2022年8月28日 聖書:ローマの信徒への手紙8章1~8節「自由に生きる パートⅡ」大薮善次郎牧師 

 ルカは福音書と使徒行伝を書いた。それによると、パウロとバルナバとは意見の違いから別々に行動することになる。(使徒行伝15章)その時マルコと呼ばれていた信徒がバルナバと行動共にする。
 このマルコが、マルコ福音書を書いた。そこでは、パウロの言う聖霊による信仰とは異なる主張が語られている。マルコはイエスのことを母親から聞かされ、彼自身も子どもの頃イエスに出会っていたであろう。 
 マルコが書いたイエスは、涙を流し、悲しんだり、怒ったりする人間である。いつも隣人と共に生きているイエスである。しかし、イエスの弟子たちは、それを理解しない。自分の欲望に捕らわれている。

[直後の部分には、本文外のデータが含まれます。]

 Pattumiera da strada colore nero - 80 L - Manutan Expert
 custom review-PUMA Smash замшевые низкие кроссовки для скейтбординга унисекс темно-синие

 そこでは、神の子というイメージが出てこないのである。田川建三氏のマルコ伝には、「イエス・キリストの福音のはじめ」である。口語訳や、その他の日本語の訳は、冒頭に「神の子」がついている。これは、おかしいと言わざるを得ない。
 イエスの人生は神々しい神ではなく、徹底的に苦しみの中にある人間として歩まれたのだ。そのイエスに従うとは、いつも暗い気持ちで悩みながら信仰生活をしていかなければならないのだろか。
 否である。私の84年の人生で最近イエスを信じて良かったとつくづく思うのである。これは信仰の喜びである。心の底から感謝の気持ちが沸き上がる。自然と笑いが出てる。
 霊というものは、神から出てくるものだ。人間の言葉で説明できるものではない。霊は全き自由なものだ。しかし、それは神に喜ばれるものでなければならない。つまり隣人と共に受けていくものなのだ。
 椎名麟三は「道化師の孤独」というエッセイの中で、「聖書にイエスが笑ったという記事が一行もない。だから私は何とかして、イエスを笑わせてあげたいと思う。イエスが笑って下さっていらっしゃったら…」と書いている。
 自由には笑いがある。聖書にはないけれど、人となられたイエスである。ザアカイと共に大いに笑ったと私は信じている。